Chorał i łacina porwały także panią Marię. – Nauka, śpiew i rekolekcje – mamy tu wszystko razem – dodaje. – To już trzecia edycja naszych warsztatów. Poprzednie odbywały się w Wielkim Poście, obecne nie są wpisane w konkretny okres liturgiczny, ale poświęcone „Pieśniom pełnym Ducha” – mówi Piotr Lach, organista z parafii NMP Bolesnej, organizator muzycznego spotkania. Zajęcia odbywały się w dwóch sekcjach – instrumentalnej i wokalnej. Wśród uczestników byli zarówno ludzie bardzo młodzi (nawet uczeń szkoły podstawowej), jak i w wieku dojrzałym, amatorzy i osoby mające już pewne doświadczenie muzyczne, ludzie świeccy, siostry ze Zgromadzenia Matki Bożej Miłosierdzia, a także księża, którzy przyjechali z grupami młodzieży – z wrocławskich Pawłowic i z Tarnowskich Gór.
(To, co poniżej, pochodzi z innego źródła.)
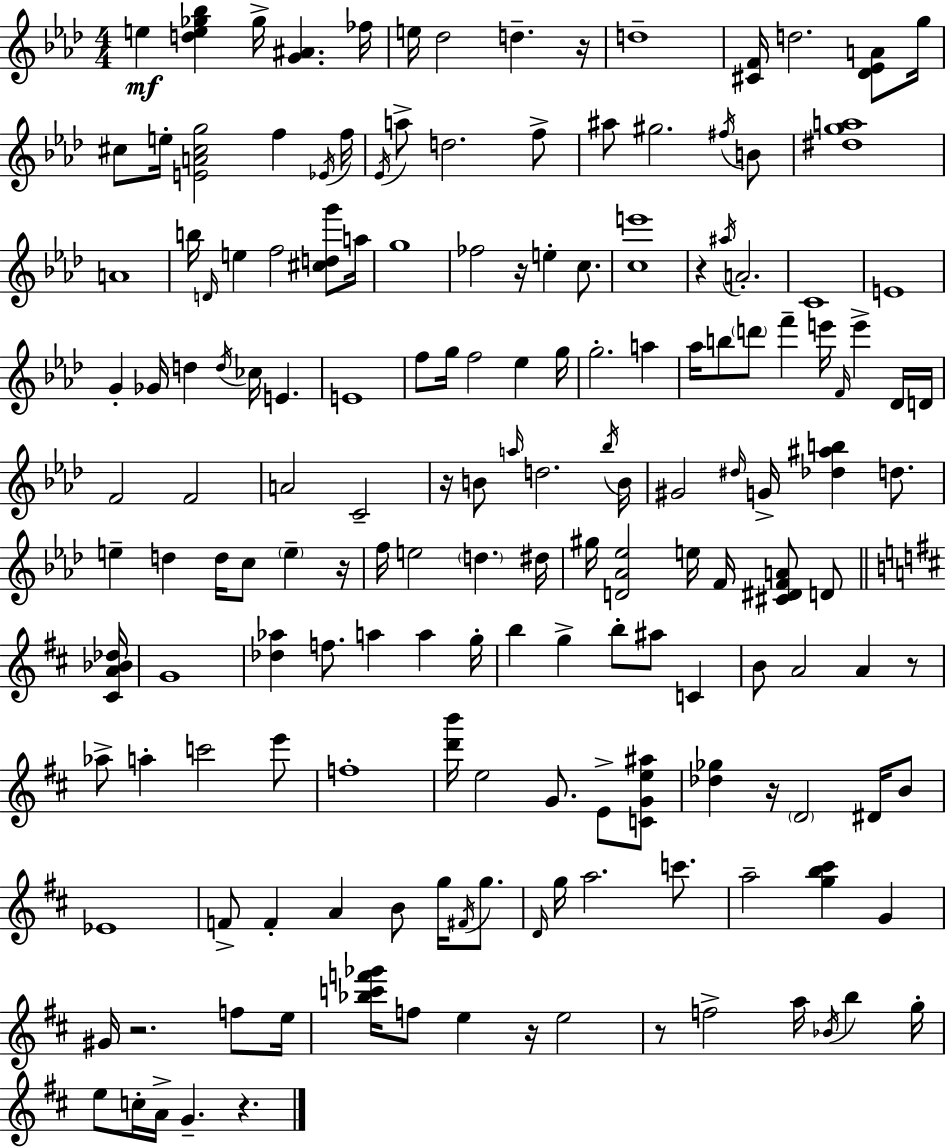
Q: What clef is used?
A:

U św. Jacka Agata Combik /GN – Część osób tu obecnych nie po raz pierwszy uczestniczy w takich warsztatach. Sporo ludzi należy do działających w okolicy chórów, starają się wciąż poszerzać swój repertuar – wyjaśnia Łukasz Panicz. – Dzięki warsztatom także i w przedszkolu czuć jakby powiew nowego ducha. Nasze panie z radością angażują się w przygotowania, choćby staranne wykonanie dekoracji. A i same korzystają z warsztatów. Przy niektórych pieśniach aż chciałoby się zatańczyć – mówi dyrektor placówki Bożena Panek.
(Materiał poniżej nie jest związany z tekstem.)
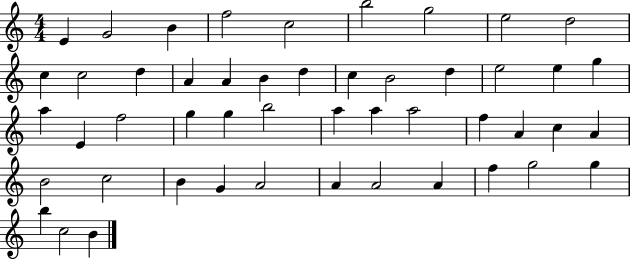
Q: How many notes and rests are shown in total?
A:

Nauce śpiewu towarzyszyły modlitwa i wyraziste świadectwa o tym, jak muzyka może wpływać na człowieka. Nie brakło adoracji Najświętszego Sakramentu, Koronki do Bożego Miłosierdzia. – Zdecydowanie nie chodzi tylko o naukę śpiewu, ale przede wszystkim naukę, jak tym śpiewem modlić się w kościele – podkreśla P. Pałka. – Widać, że w całej Polsce ludzie z potrzeby serca, pewnie pod wpływem Ducha Świętego, gromadzą się, by razem śpiewać, uczyć się śpiewu liturgicznego. Jest jakieś poruszenie w tym kierunku...
– Liturgia, zwłaszcza niedzielna, domaga się piękna, domaga się, by ludzie nie obawiali się śpiewu, by zrozumieli, że od każdego z nas zależy, jak celebracja będzie wyglądać – mówi H. Kowalski.